Sunday, September 12, 2010

First, let me say that there is a massive amount of informing, analyzing and theorizing happening in the chapters of Culture and Technology that we were assigned to read over this weekend. Each takes us through a different school of thought regarding technology and its relationship to the culture that uses it, eventually ending at the Actor-Network theory. I found this theory to make the most sense for how I perceive the world. The Actor-Network theory in a sense blends the perspectives of both technological determinism and cultural determinism to lay the blame for the interworkings of our world on both technology and the culture it comes from. According to Slack and Wise, the Actor-Network theory is based in the idea that technology cannot be labeled merely as a tool used by humans nor can it take full responsibility for its effects. Both technology and humans are defined as “actors,” which are elements in our culture that affect the space around it, make others dependent on it and translate the world in a way that it can understand it (118). Furthermore, all actors function within a “network,” connections throughout space and time that are needed for a single moment to happen.

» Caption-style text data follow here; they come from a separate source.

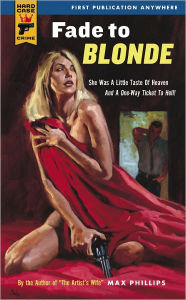 Title: Fade to Blonde, Author: Max Phillips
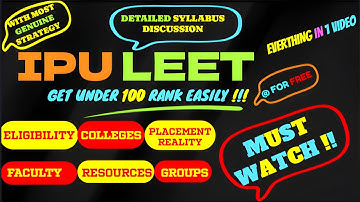IPU LEET EXAM 🔥 Complete Guide in 1 Video | Syllabus, Pattern, Resources , Under 100 Rank Strategy!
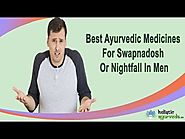 Best Ayurvedic Medicines For Swapnadosh Or Nightfall In Men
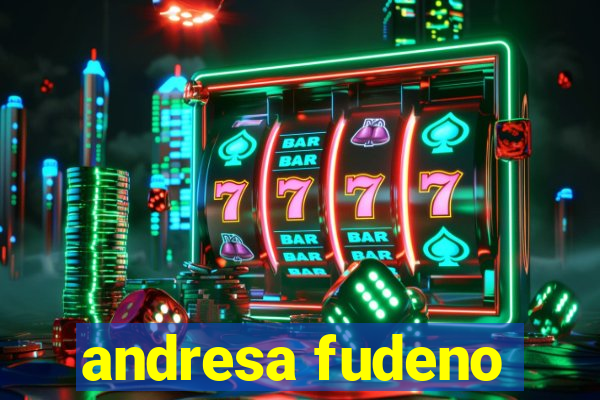 andresa fudeno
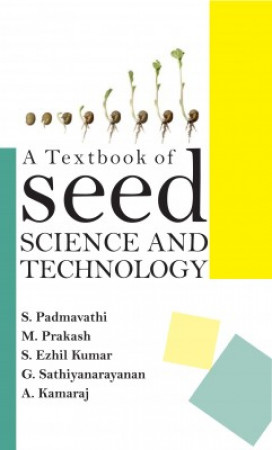A Textbook of Seed Science And Technology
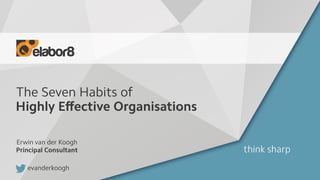 The Seven Habits of
Highly Eﬀective Organisations
Erwin van der Koogh
Principal Consultant
evanderkoogh
 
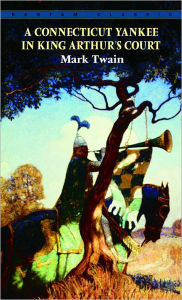 Title: A Connecticut Yankee In King Arthur's Court (Turtleback School & Library Binding Edition), Author: Mark Twain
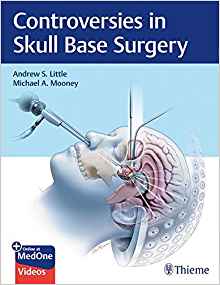 (eBook PDF)Controversies in Skull Base Surgery (PDF+VIDEOS) by Andrew Little , Michael Mooney 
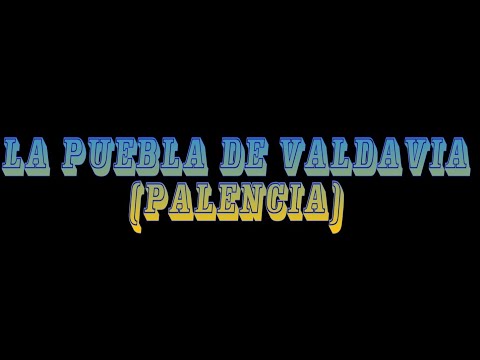 LA PUEBLA DE VALDAVIA (PALENCIA)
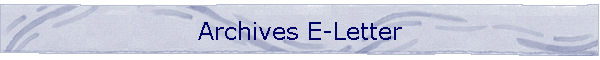 Archives E-Letter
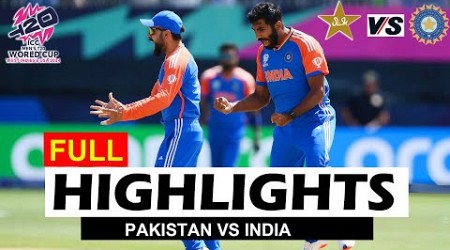 PAKISTAN VS INDIA FULL HIGHLIGHTS ICC T20 WORLD CUP 2024 | PAK VS IND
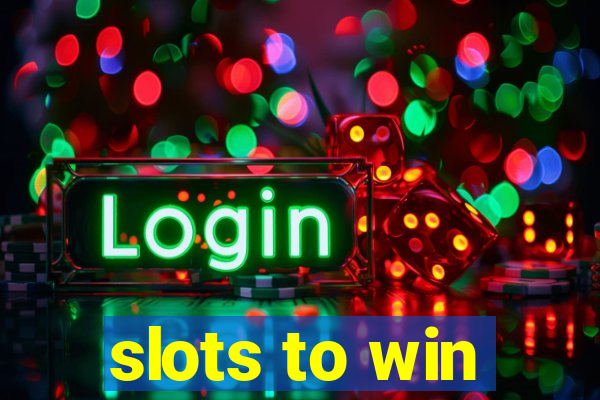 slots to win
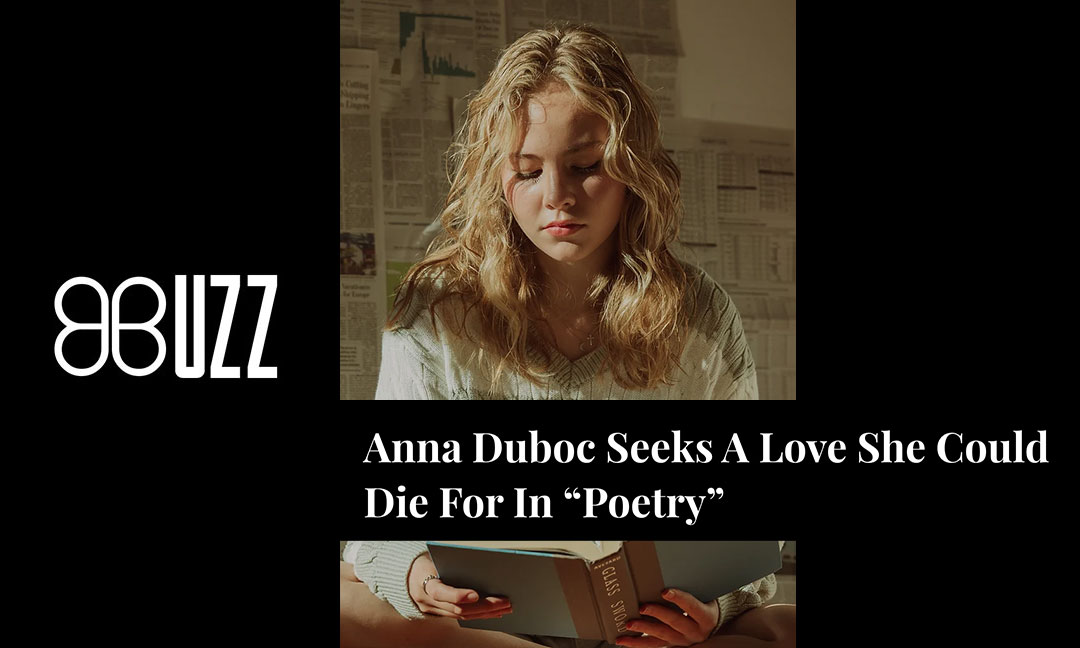 Buzz: Anna Duboc Seeks A Love She Could Die For In “Poetry”
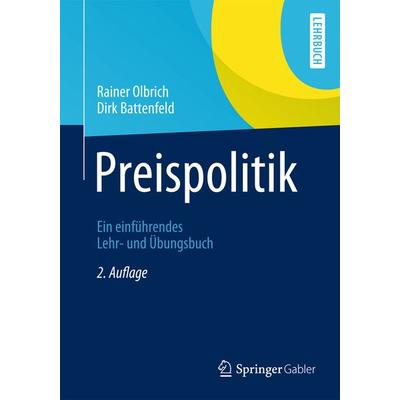 Preispolitik, Gebundene Ausgabe von Rainer Olbrich,Dirk Battenfeld, Springer Berlin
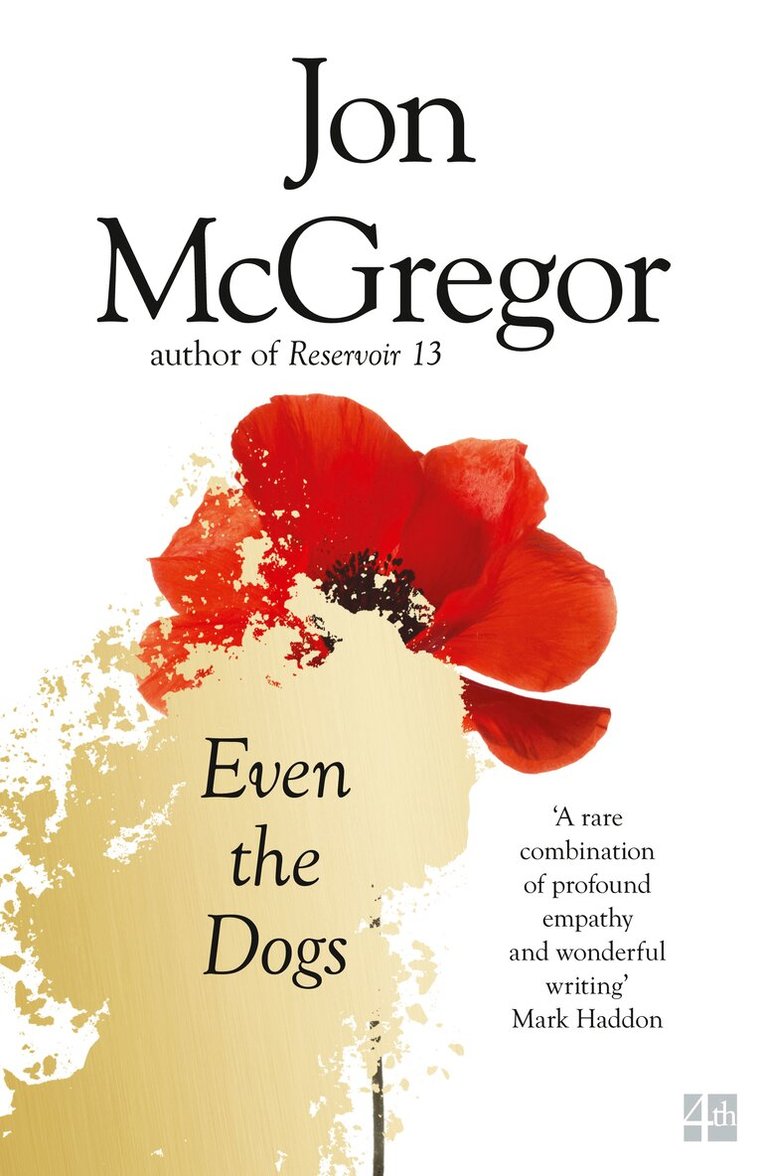 Jon McGregor - Even the Dogs, E-bok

            From this theory, the way I understand it is that technology cannot be made without humans, who make it with specific intentions. However, new purposes for technology are often found, meaning that the technology itself is affecting how our world works. Not to mention that it shapes how we function on a regular basis—travel, communication, control, sanitation, etc. To me, the cell phone is probably one of the best examples. First, humans had to create it; it was not just born from another piece of technology. Second, in order for a cell phone to function, a human must pick it up and use it. However, once humans begin to use the cell phone, the cell phone begins to change their way of life. Not only can they contact each other quickly, but also at any moment, due to the portability of the phone. People begin to make last second plans because they know they can contact each other at a moment’s notice and create new languages of text lingo that become common phrases throughout the culture. Then people begin to want other technologies in portable means, so humans create applications to add to the technology of the phone, and so on and so on. Technology then must be an actor as humans are and neither humans nor technology can be separated from the other. It is a codependent relationship wrapped up in networks that shape the culture of the time. This is really the only way I can make sense of the role of technology in our world.
            However, I do wonder if our culture at large will ever be able to get over its decidedly technological determinist language, with its habit of blaming the technology instead of the network. Can we change this biased language? And how would we go about doing it? How would a massive change in the thought processes of our culture effect how we live our everyday lives?